Oledb [best] < 2026 Update >

: These are applications or tools that use OLE DB interfaces to search for and retrieve data. Common consumers include ADO.NET and older ADO applications.

// Create a new OleDbCommand object OleDbCommand command = new OleDbCommand("SELECT * FROM example_table", connection);

A common confusion in literature is conflating OLE DB with ADO. The relationship is hierarchical: : These are applications or tools that use

OLE DB represented a bold, theoretically sound attempt to unify access to all forms of tabular data. Its component-based, interface-rich architecture was ahead of its time, prefiguring modern data virtualization and polyglot persistence layers. However, its practical failure was not one of design but of complexity and timing. The managed-code revolution and the resurgence of ODBC as a simpler, faster relational protocol sealed its fate.
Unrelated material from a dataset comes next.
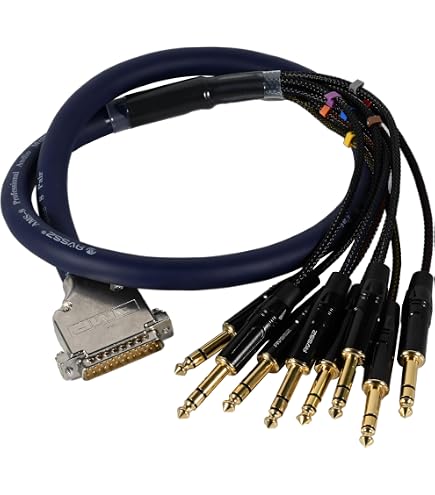 Amazon.com: Elite Core DB25XF5 25-Pin D-Sub to 8 XLR Female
For system architects today, OLE DB stands as a monument to both the ambition and the peril of universal data access layers.

Unlike the monolithic ODBC handle structure, OLE DB decomposes a data session into six mandatory and optional objects: The relationship is hierarchical: OLE DB represented a

class OLEDBExample { public static void Main(string[] args) { // Define connection string string connectionString = "Provider=Microsoft.ACE.OLEDB.12.0;Data Source=C:\\example.accdb";

Here are some key features and facts about OLE DB: The managed-code revolution and the resurgence of ODBC

The is particularly notable: it can transform a forward-only, read-only rowset into a fully scrollable, updateable rowset by maintaining a client-side copy. This came at a significant memory and marshalling cost but enabled uniform scrolling across all data sources.

OLE DB (Object Linking and Embedding Database) is a Microsoft technology that allows different applications to access various data sources, such as databases, file systems, and other data storage systems, using a common set of APIs (Application Programming Interfaces).